_Work order_: Before copying, set aside the pictures; then restate exactly the lines from the one with "SultryEroticSlut online show" through the last line of the records.

_Data for this exercise_:
--------------------
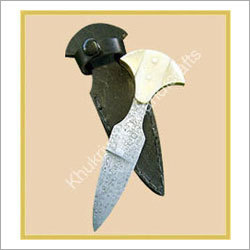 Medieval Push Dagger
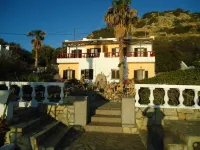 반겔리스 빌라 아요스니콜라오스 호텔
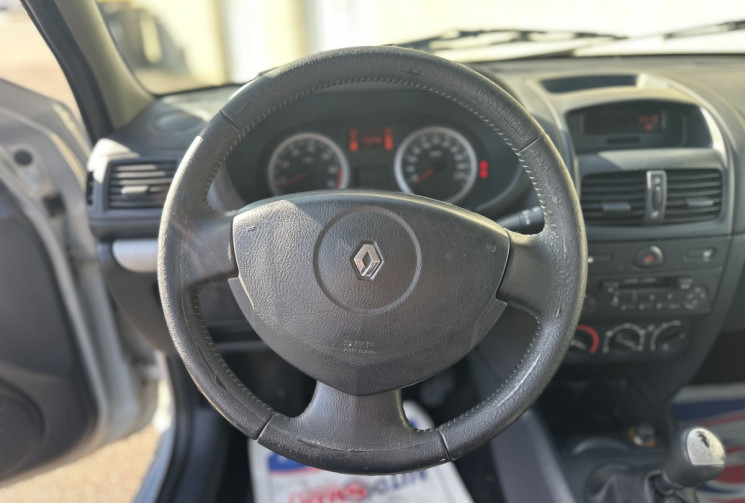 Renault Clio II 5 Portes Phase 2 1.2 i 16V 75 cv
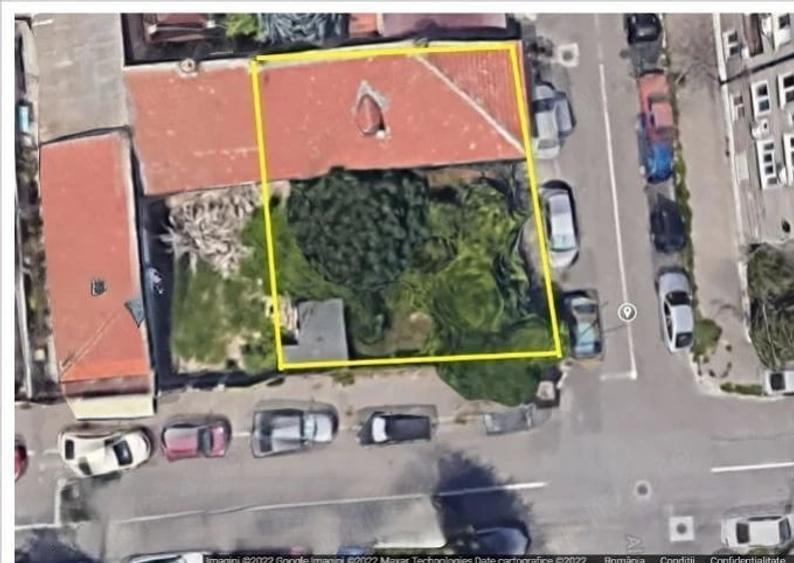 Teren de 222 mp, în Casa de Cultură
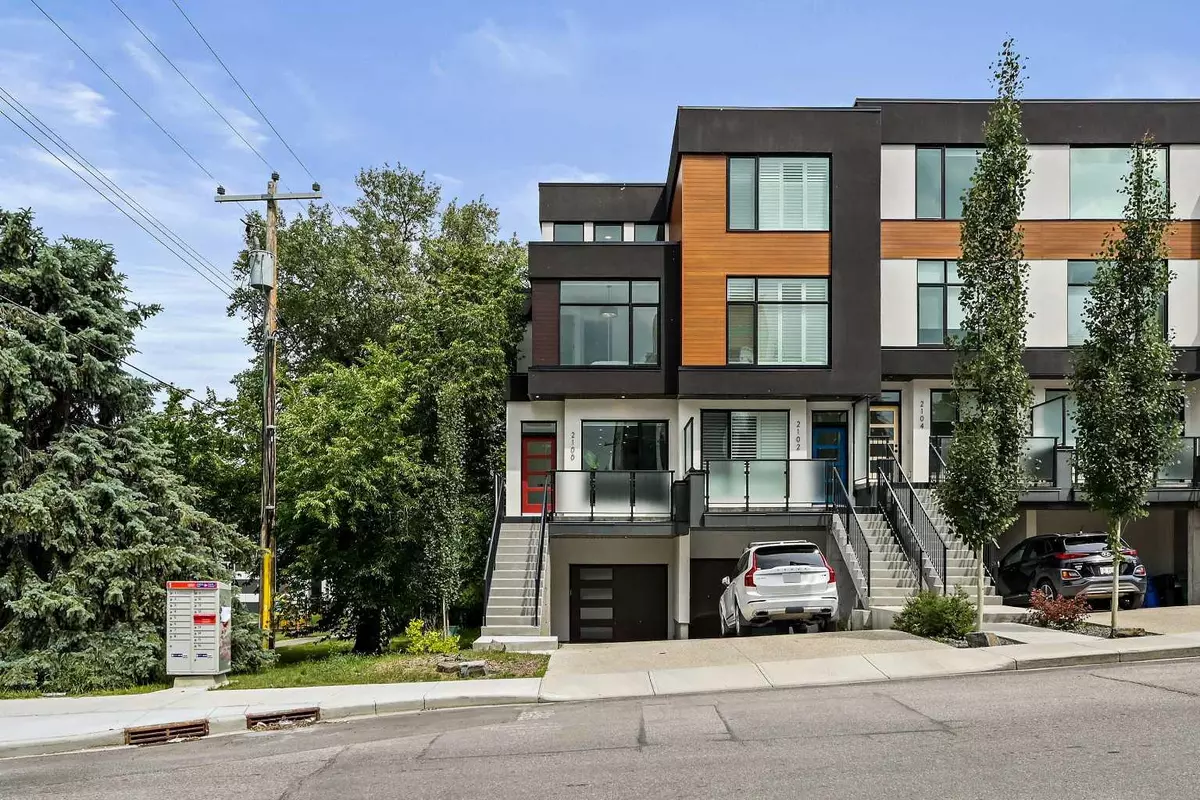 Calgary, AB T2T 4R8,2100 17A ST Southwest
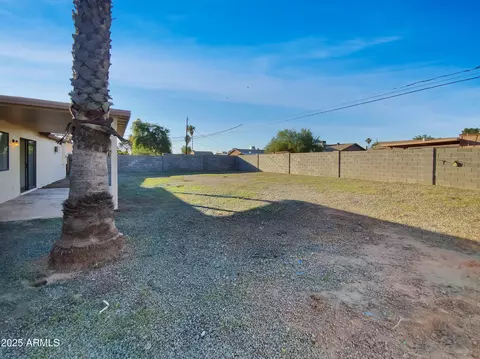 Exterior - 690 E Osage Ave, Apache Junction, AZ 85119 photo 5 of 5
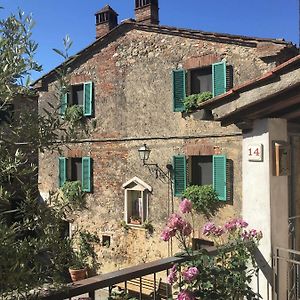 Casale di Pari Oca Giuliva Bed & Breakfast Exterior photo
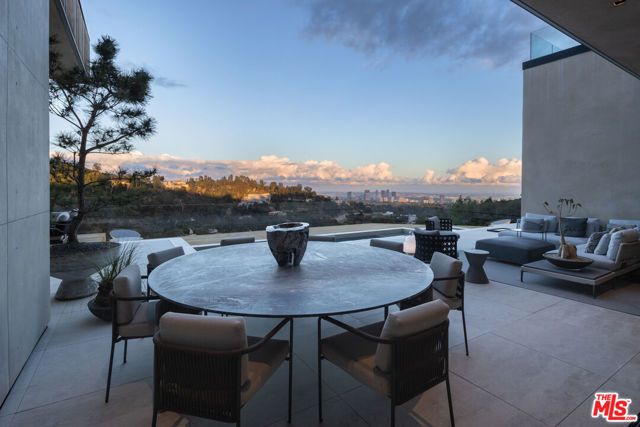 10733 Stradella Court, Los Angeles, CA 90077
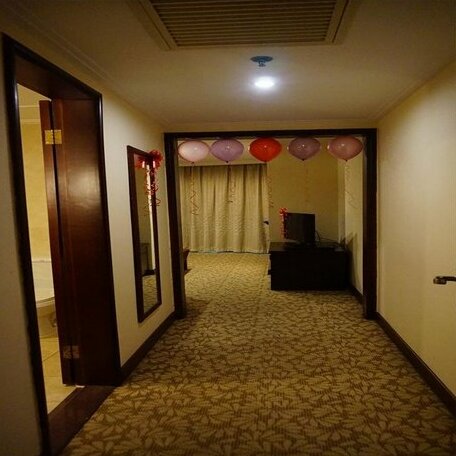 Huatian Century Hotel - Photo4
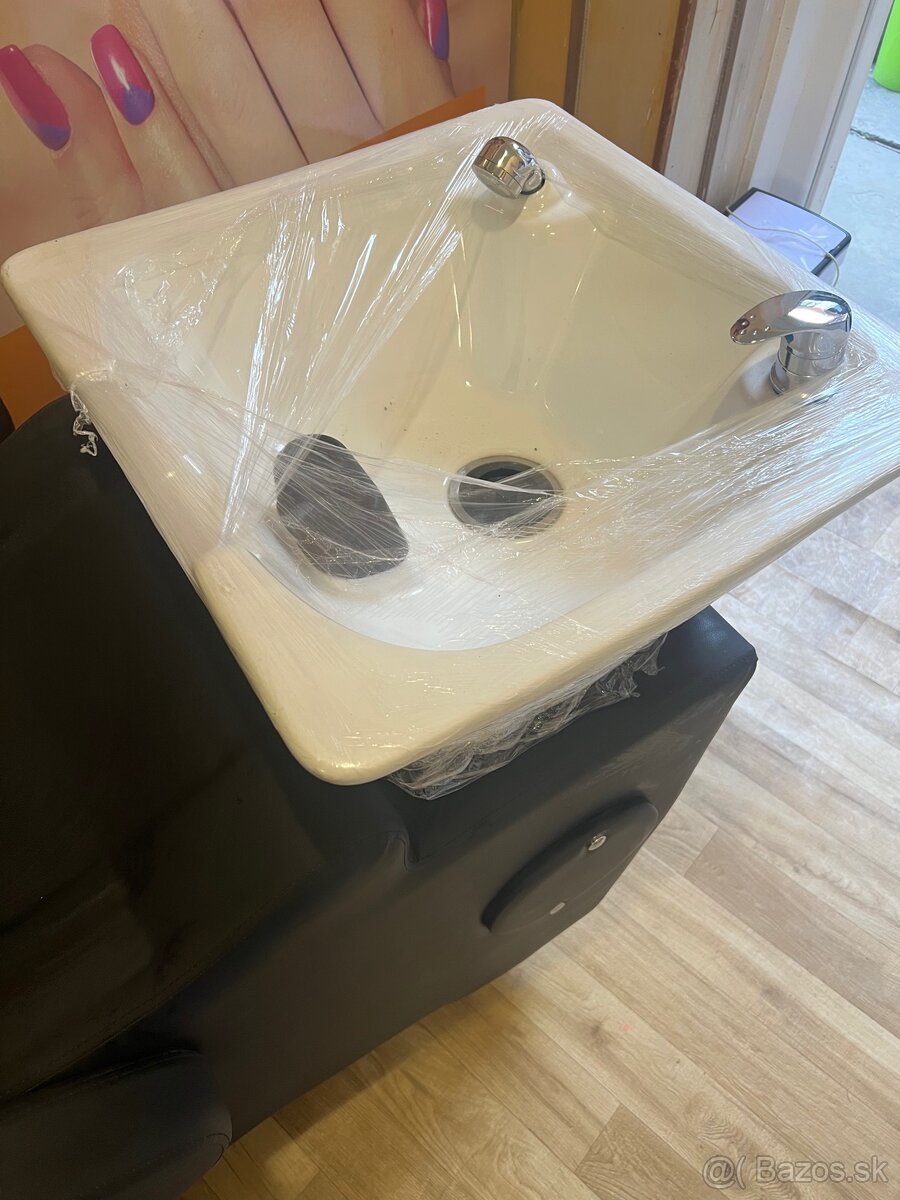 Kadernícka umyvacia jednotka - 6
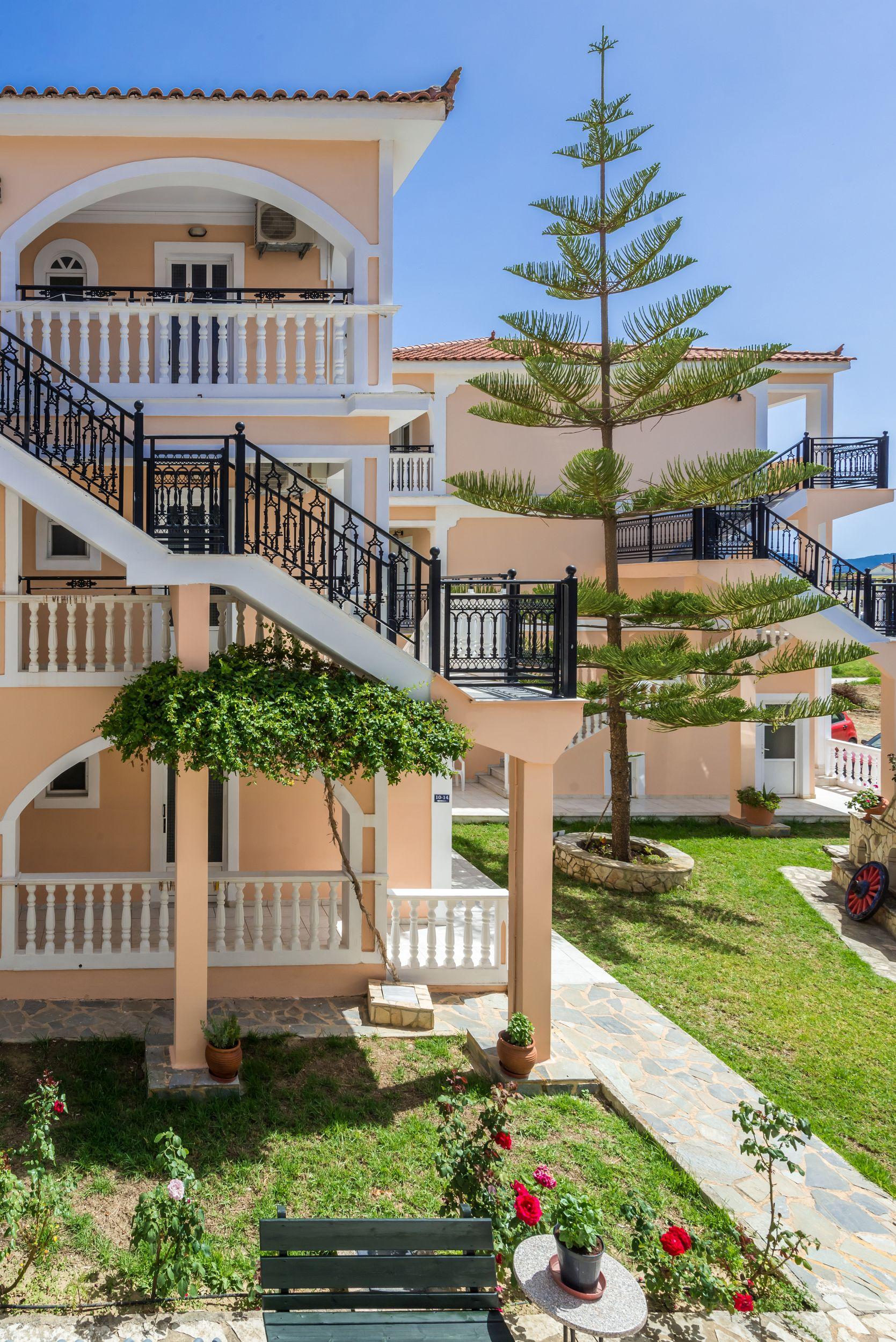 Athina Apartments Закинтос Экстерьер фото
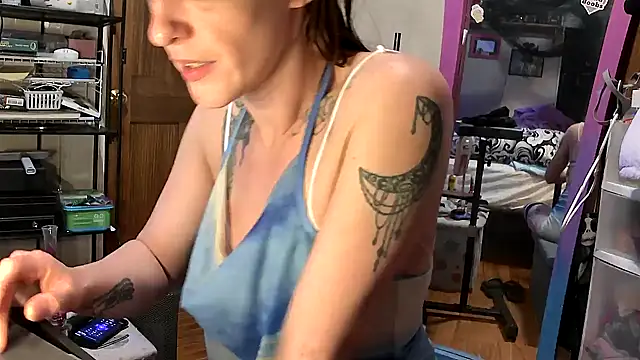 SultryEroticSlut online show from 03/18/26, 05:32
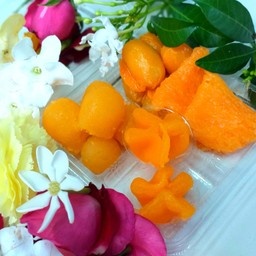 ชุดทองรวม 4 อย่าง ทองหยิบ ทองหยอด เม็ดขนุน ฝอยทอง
--------------------
_Your solution_:
 SultryEroticSlut online show from 03/18/26, 05:32
 ชุดทองรวม 4 อย่าง ทองหยิบ ทองหยอด เม็ดขนุน ฝอยทอง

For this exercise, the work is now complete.